Leerer Hauptversammlungssaal

Gesetzentwurf Weg frei für virtuelle Hauptversammlungen

Stand: 23.03.2020, 15:25 Uhr

Was in anderen Ländern möglich ist, soll nun auch in Deutschland Realität werden: präsenzlose Hauptversammlungen. Die Bundesregierung hat dem Druck nachgegeben und will das Aktienrecht ändern.

Dividenden-Jäger können aufatmen: Künftig sind rein virtuelle Hauptversammlungen, auf denen Beschlüsse gefasst werden, erlaubt. Das Bundesjustizministerium will wegen der Corona-Krise und des nun geltenden Versammlungsverbots die Präsenzpflicht bei Hauptversammlungen aufweichen. Die Bundesregierung brachte am Montag einen entsprechenden Gesetzesentwurf auf den Weg, der die Möglichkeit von virtuellen beschlussfähigen HVs schafft.

Virtuelle HV möglich ohne Satzungsänderung

Unternehmen sollen demnach Online-Hauptversammlungen abhalten können, ohne dass sie dafür ihre Satzungen ändern müssen. Die Einberufungsfrist wird von 30 auf 21 Tage verkürzt. Der Vorstand wird ermächtigt, auch ohne Satzungsregelung Abschlagszahlungen auf den Bilanzgewinn vorzunehmen.

"Zudem wird die Möglichkeit eröffnet, eine Hauptversammlung innerhalb des Geschäftsjahres durchzuführen", heißt es im Gesetzentwurf. Das bedeutet: Die bisherige Achtmonatsfrist wird verlängert. Die Änderungen im Gesellschafts-, Genossenschafts- und Vereinsrecht sollen für Aktiengesellschaften, Kommanditgesellschaften auf Aktien, Europäische Gesellschaften, General- und Vertreterversammlungen der Genossenschaft und Mitgliederversammlungen von Vereinen gelten.

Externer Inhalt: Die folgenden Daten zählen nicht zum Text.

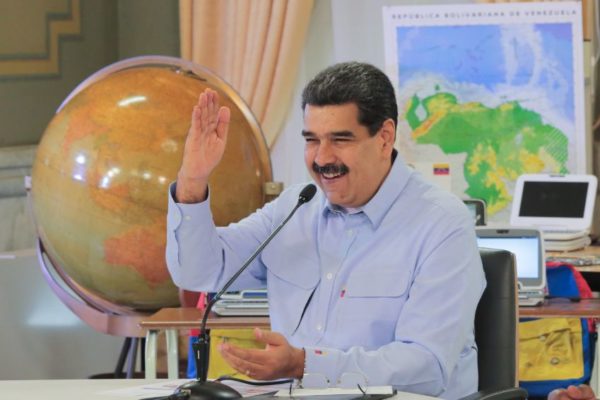 Maduro plantea instalar gallineros en escuelas para paliar crisis alimentaria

Aktieninstitut lobt den Gesetzesentwurf

Mit dieser Änderung des Aktienrechts will die Bundesregierung den Unternehmen es ermöglichen, trotz des "Lockdowns" handlungsfähig zu bleiben. Zuletzt hatten mehrere große deutsche Konzerne wie Daimler, die Deutsche Telekom und Continental ihr Aktionärstreffen auf einen späteren Zeitpunkt verschoben. Nach dem bisher geltenden Aktienrecht müssen sie aber bis spätestens acht Monate nach Ende des Geschäftsjahrs, also bis August eine Hauptversammlung durchführen. Nur dann könnten auch die Dividenden ausgezahlt werden.

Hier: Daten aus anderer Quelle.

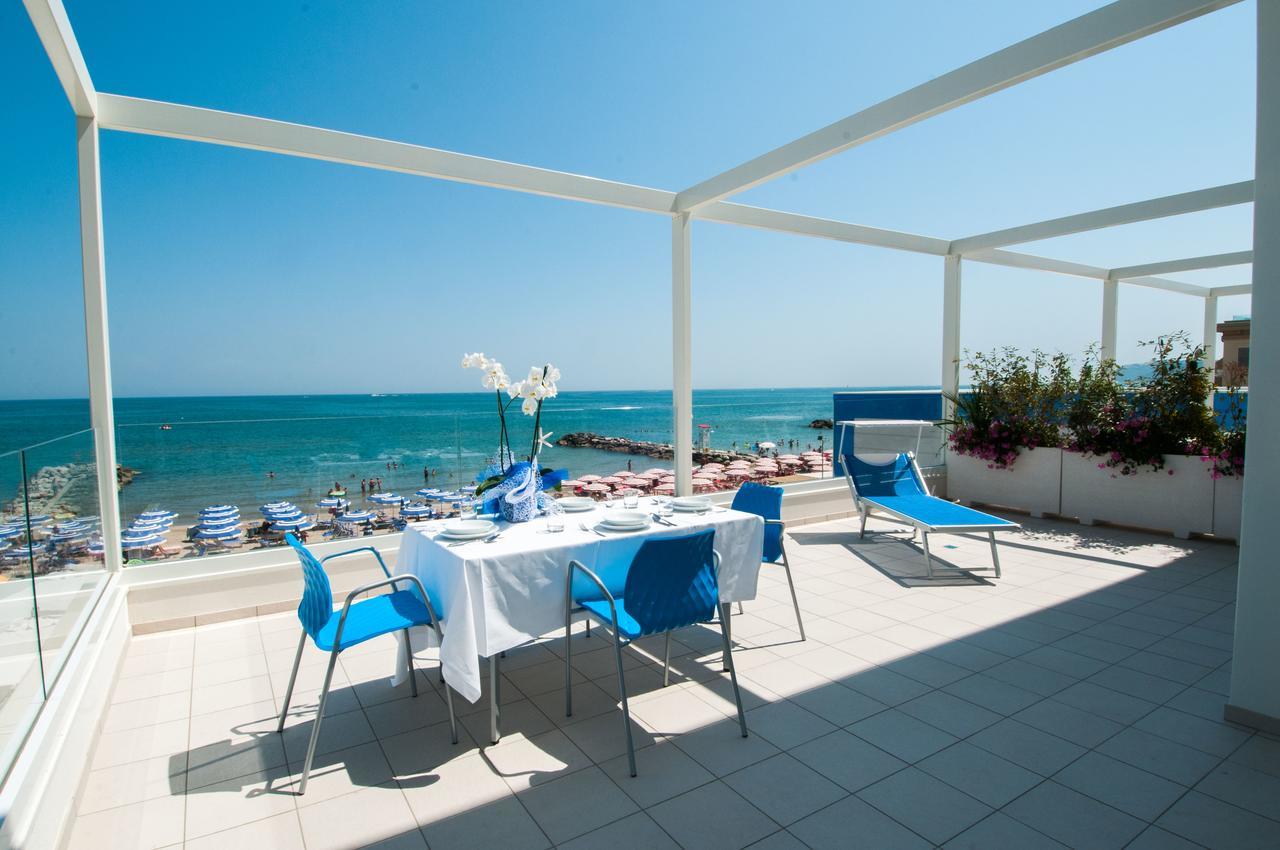 Lungomare Relax Residence Misano Adriatico Esterno foto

Das Deutsche Aktieninstitut begrüßte den Gesetzesentwurf. Allerdings äußert der Lobby-Verband Zweifel an der Umsetzung von Details wie dem Online-Fragerecht. Die Beantwortung aller Fragen in Echtzeit sei bei mehreren Tausend Aktionären nicht darstellbar. Die Fragen sollten deshalb dem Vorstand bis vier Tage vor der HV - statt bis zwei Tage wie vom Gesetzgeber eingeräumt - eingereicht werden können, schlägt das DAI vor.

Aktionärsschützer kritisieren Beschneidung der Aktionärsrechte

Das Deutsche Aktieninstitut hatte am Donnerstag ein Notfallgesetz gefordert, das die Präsenzpflicht bei Hauptversammlungen aufhebt. Nach dem Vorbild von Frankreich und der Schweiz müsse Deutschland Hauptversammlungen ohne die persönliche Teilnahme der Aktionäre ermöglichen, verlangte DAI-Geschäftsführerin Silke Bortenlänger. Die Aktionärsschützer-Vereinigung DSW hatte diesen Vorstoß des DAI kritisiert. Die Beschneidung von Aktionärsrechten schieße über das Ziel hinaus. Auch der Dachverband der Kritischen Aktionärinnen und Aktionäre befürchtet eine Beschneidung von Aktionärsrechten. "Die Unternehmen sollten ihre Hauptversammlungen lieber zunächst verschieben, als direkt auf komplette virtuelle Hauptversammlungen ohne jede Präsenzmöglichkeit für Aktionäre zu setzen", forderte der Geschäftsführer des Verbandes, Markus Dufner.